Perfecting timing brought about this adoption miracle.
Sometimes being in the right place at the right time makes all the difference in the world.
Timing played a very important role in the events that unfolded on March 14. During a recent gynecological visit, my sister Jill was told she had polyps in her uterus. An appointment was made for late April (school’s spring break), because if she needed surgery, she would have the week to recover. Nervously, Jill moved this appointment forward four weeks. If it was to be bad news, she wanted to know immediately. This change in plans placed Jill and her husband, Joe, in the right place at the right time. This set the stage for a miracle.
Jill had been in the care of the same doctor for over 20 years. At the age of 14, she was diagnosed with a rare form of ovarian cancer. For four years, she fought the battle of her life. Seven surgeries, one and one half years of experimental chemotherapy, and a 36-week course of radiation later, she had her life back, but the long-term effects of this regimen had never been fully documented.
Now, at the age of 38, Jill’s thyroid had been removed due to tumors developing from radiation treatments and two suspicious breast lumps had been biopsied for the same reason. There were psychological scars as well. When other girls were falling in love for the first time, she was in a hospital bed receiving chemotherapy or regaining her strength between grueling treatments. High school did not exist. She was tutored for the majority of her classes. Jill missed the socialization that occurs during the ages 15 through 17, when girls join sports like cheerleading and softball.

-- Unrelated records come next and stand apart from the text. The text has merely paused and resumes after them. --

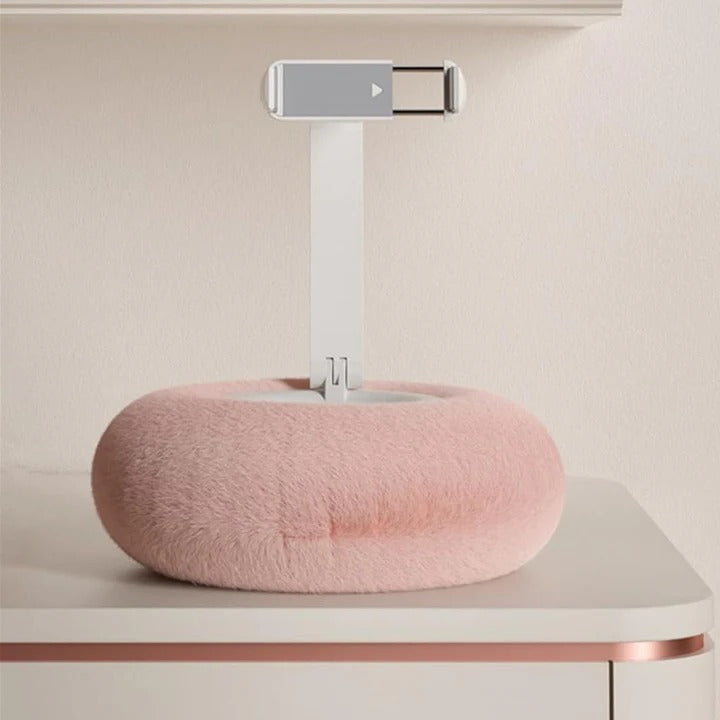 Cozy Fuzzy Phone Holder Pillow with Built-in Snack Bowl – Perfect for Relaxation and Entertainment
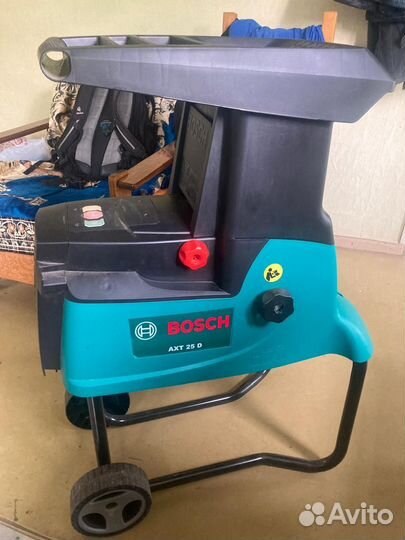 Садовый измельчитель Bosch AXT 25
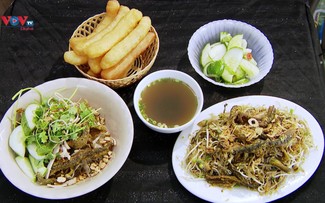 Fideos celofán con anguilas, un plato predilecto de los hanoyenses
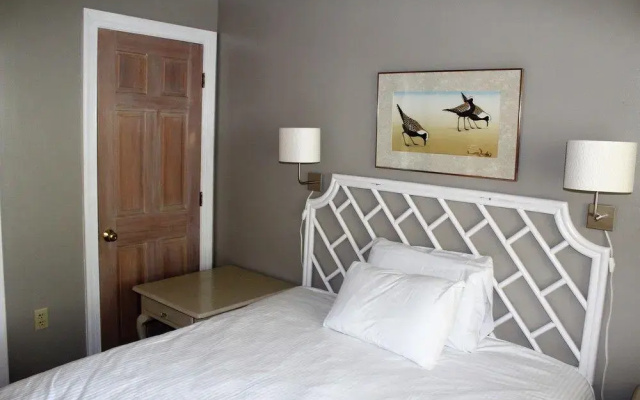 photo 5 of Blue Water Beachfront Condo 2 Mi to SkyWheel!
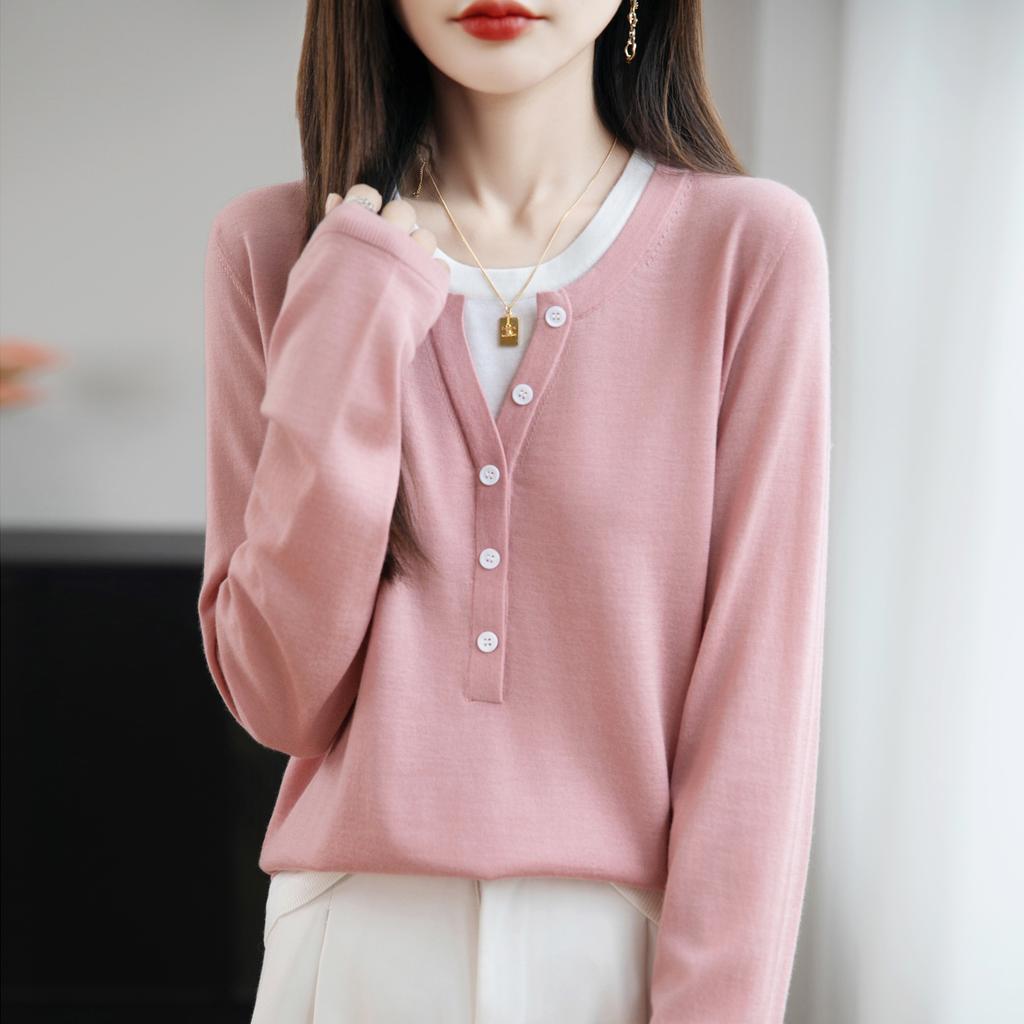 A Youthful Simple and Versatile Base Knitted Sweater for Women's Autumn and Winter Vacation. Two Contrasting Color Sweaters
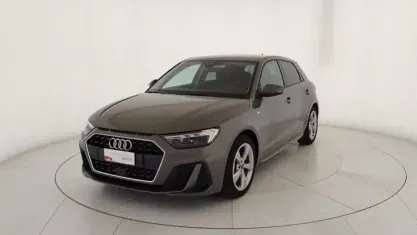 Usata Audi A1 Sportback S-Line 95 CV (69 kW) 2025 Grigio metallizzato Utilitaria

To this day, I think she feels guilty if she is not seriously plodding along with some project or immersed in her teaching. She is the only person I know who can start a diet on Thanksgiving Day. Thankfully, she is alive. Sadly, the radiation and chemotherapy that saved her life destroyed her own eggs and put her into premature menopause. Although she still has one ovary, giving birth to her own child is impossible. Twenty-four years later and newly married to Joe, Jill entered the hospital as she had at age fourteen, and her life was to change again forever. In the recovery room, Jill’s fears were quieted by the news that the polyps were benign.

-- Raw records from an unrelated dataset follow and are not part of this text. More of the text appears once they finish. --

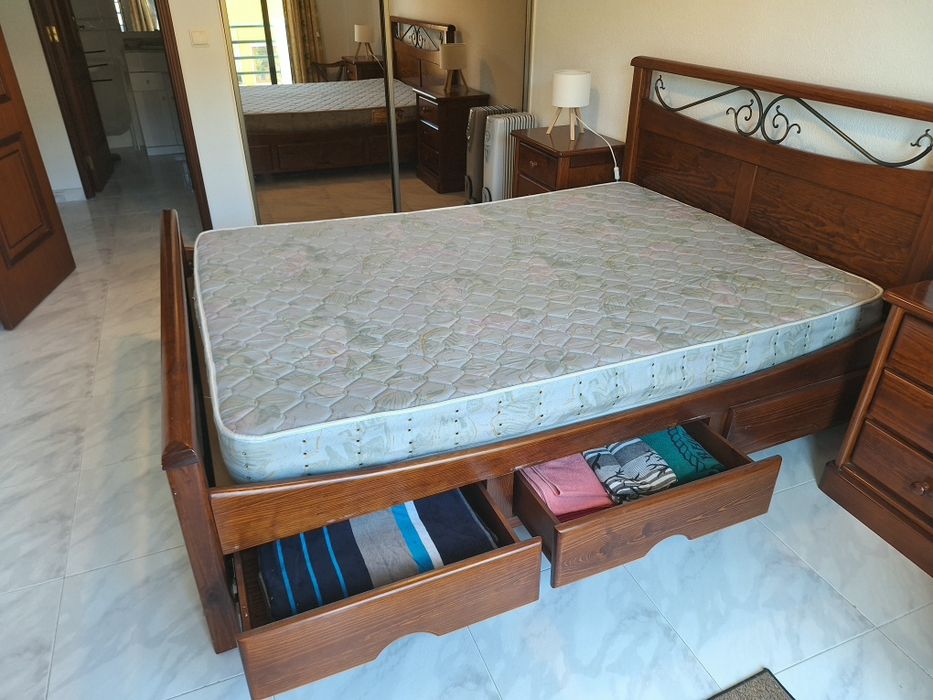 Mobilia Quarto Cama, colchao, 2 mesinhas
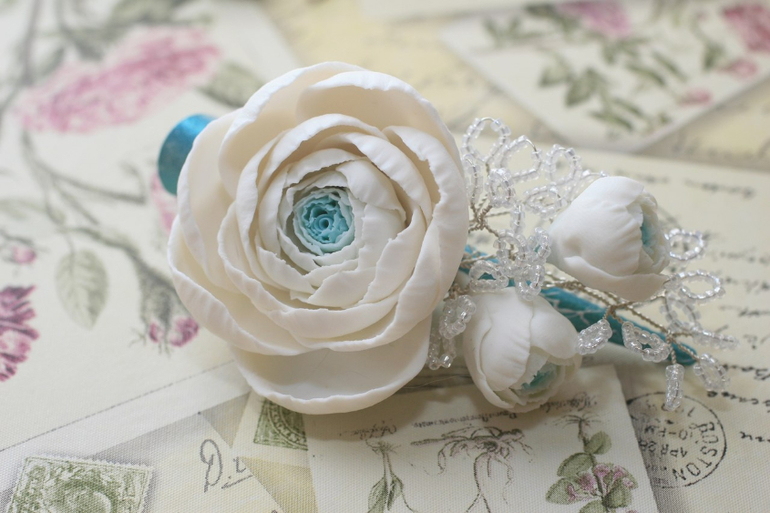 Зажимы для волос, венки, заколки из полимерной глины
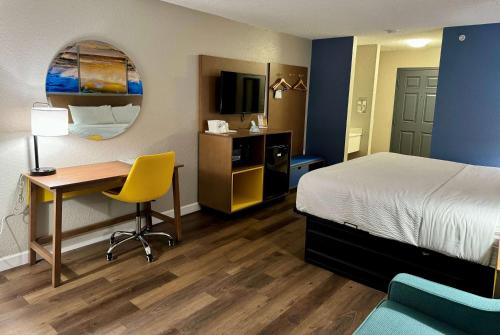 King Room - Non-Smoking room in Days Inn by Wyndham Sarasota I-75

Her mood changed from relief to surprise when the gynecologist next spoke to her. She told Jill a baby had been born the previous night to a young girl who wanted to place the child for adoption. The mother of the girl had asked the doctor to recommend prospective parents because she trusted her opinion impeccably. Jill and Joe came to mind. If they were interested, the birthmother and her parents were willing to interview them immediately. The couple ran to the nursery. There, bundled in a blanket, was a beautiful, 7 pound 5 ounce girl. Her dark hair peeked out of the nursery cap and framed her little pink face. Jill called friends and family with the unbelievable news. Jill and Joe felt this baby was their destiny, was meant to be with their family. Joe was full of emotions. The couple needed to make an important decision and make it quickly. The birthmother was due to leave the hospital in two days, and the baby needed to be situated by her departure.
Although adoption had always been an option for the couple, the initial plan was to wait at least one year. But this once-in-a-lifetime opportunity was not to be passed up. Within two days, a lawyer was retained, the proper paperwork notarized, and Rachel, the baby girl, was a step closer to a new life with Joe and Jill. The birthmother had 45 days to change her mind from the time of possession in New York State. However, this was an interstate adoption, which proved to be a little more complicated.
We feel from the way the adoption started, Rachel is and always will be a part of the family. Why am I, as Jill’s sister, relaying this story? I, too, have adopted a child, and since my paperwork is valid for three years, I was able to take custody of Rachel on March 18. Otherwise, she was to be placed in foster care until Jill and Joe’s home study was completed. It was this being in the right place at the right time that brought about this wonderful miracle.
We would like to thank Rachel’s birthmother; she wanted her daughter to have a better, happier life. We believe she will.